There’s nothing like a waterfront view, something every visitor, business owner and resident in Downtown Sarasota knows quite well. Sarasota Bay provides a picturesque view to diners at Marina Jack and families who take their children to play at Island Park. It turns a run across the Ringling Causeway Bridge from a slog in the unforgiving sun into a serene and majestic trek. Indeed, every planning effort in the last 80 years downtown has sought to make the most of this aquatic asset. Yet some of the most valuable waterfront property in all of Southwest Florida has remained under-used for decades, serving merely as a parking lot and a low-grade dock. And while the Van Wezel Performing Arts Hall at least makes good use of the views during its evening events, the neighboring G.Wiz science center has closed down for good, only adding to the sense of lost potential in an area many believe could be turned into one of the greatest treasures for the community.

Left to right: Waterfronts in Singapore, Sydney, Australia and Chattanooga, TN.
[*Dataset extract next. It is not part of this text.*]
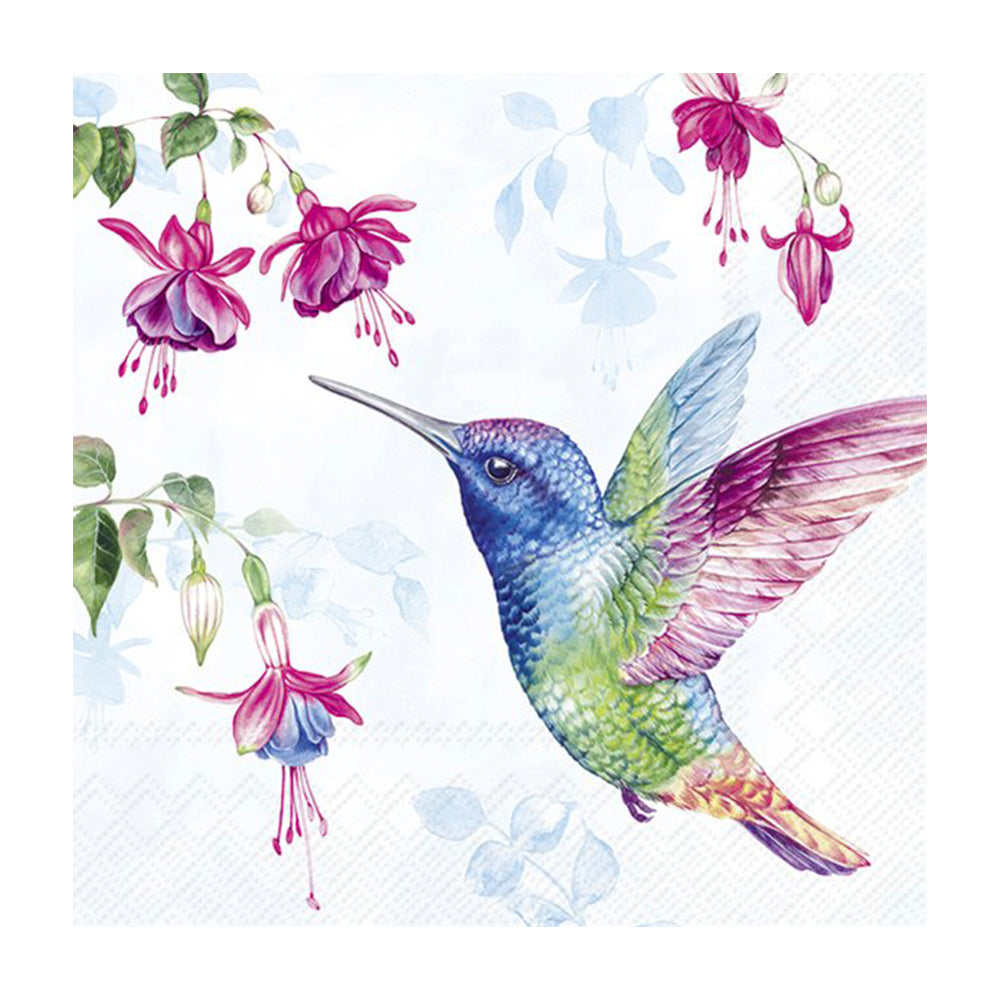 Hummingbird Light Blue Cocktail IHR Paper Table Napkins 25 cm or 10 inches square 3 ply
LEFT TO RIGHT: WATERFRONTS IN SINGAPORE, SYDNEY, AUSTRALIA AND CHATTANOOGA, TN.

 

The Bayfront was touted in 2007 as an area ready for a cultural paradise, back when the city had hundreds of thousands of dollars lying around to hire consultants to craft a master plan for such a vision. That particular effort was stifled, as so many bold efforts were around that time, by the crippling effects of The Great Recession. But that doesn’t entirely explain away the gulf of asphalt between such beloved community treasures as the Sarasota Municipal Auditorium and the natural attraction that is the Bay. Somehow, a mix of property disputes, economic factors, political pressures and competing dreams always gets in the way of bringing the Bayfront to life.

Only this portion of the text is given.